Start of Records
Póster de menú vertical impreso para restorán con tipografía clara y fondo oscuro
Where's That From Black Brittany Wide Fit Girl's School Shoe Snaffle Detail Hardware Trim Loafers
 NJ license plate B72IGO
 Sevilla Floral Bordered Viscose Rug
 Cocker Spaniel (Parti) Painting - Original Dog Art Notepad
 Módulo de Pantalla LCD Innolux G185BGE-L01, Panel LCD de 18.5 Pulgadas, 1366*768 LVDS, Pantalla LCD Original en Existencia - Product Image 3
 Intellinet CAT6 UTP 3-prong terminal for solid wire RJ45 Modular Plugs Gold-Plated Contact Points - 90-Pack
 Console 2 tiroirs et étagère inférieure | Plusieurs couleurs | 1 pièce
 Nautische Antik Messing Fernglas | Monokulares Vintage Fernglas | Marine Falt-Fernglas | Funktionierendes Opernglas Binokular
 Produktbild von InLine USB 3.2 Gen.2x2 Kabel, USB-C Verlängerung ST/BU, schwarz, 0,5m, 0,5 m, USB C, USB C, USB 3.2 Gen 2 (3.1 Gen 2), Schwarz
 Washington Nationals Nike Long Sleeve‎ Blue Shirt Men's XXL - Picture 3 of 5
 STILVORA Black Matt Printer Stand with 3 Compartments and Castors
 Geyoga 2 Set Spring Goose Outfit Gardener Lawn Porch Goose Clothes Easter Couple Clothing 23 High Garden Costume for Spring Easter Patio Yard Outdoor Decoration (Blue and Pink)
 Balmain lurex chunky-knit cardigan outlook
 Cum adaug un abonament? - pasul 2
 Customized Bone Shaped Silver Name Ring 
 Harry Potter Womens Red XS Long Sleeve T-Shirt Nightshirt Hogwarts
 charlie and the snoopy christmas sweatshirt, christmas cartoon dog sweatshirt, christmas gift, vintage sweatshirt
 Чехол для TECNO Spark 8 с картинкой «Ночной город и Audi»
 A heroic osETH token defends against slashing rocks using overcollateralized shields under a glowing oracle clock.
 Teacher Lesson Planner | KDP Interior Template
End of Records
■ **Brief**: Wherever a line of the entries holds the string "Original", copy that line.

■ **Result below**:
 Cocker Spaniel (Parti) Painting - Original Dog Art Notepad
 Módulo de Pantalla LCD Innolux G185BGE-L01, Panel LCD de 18.5 Pulgadas, 1366*768 LVDS, Pantalla LCD Original en Existencia - Product Image 3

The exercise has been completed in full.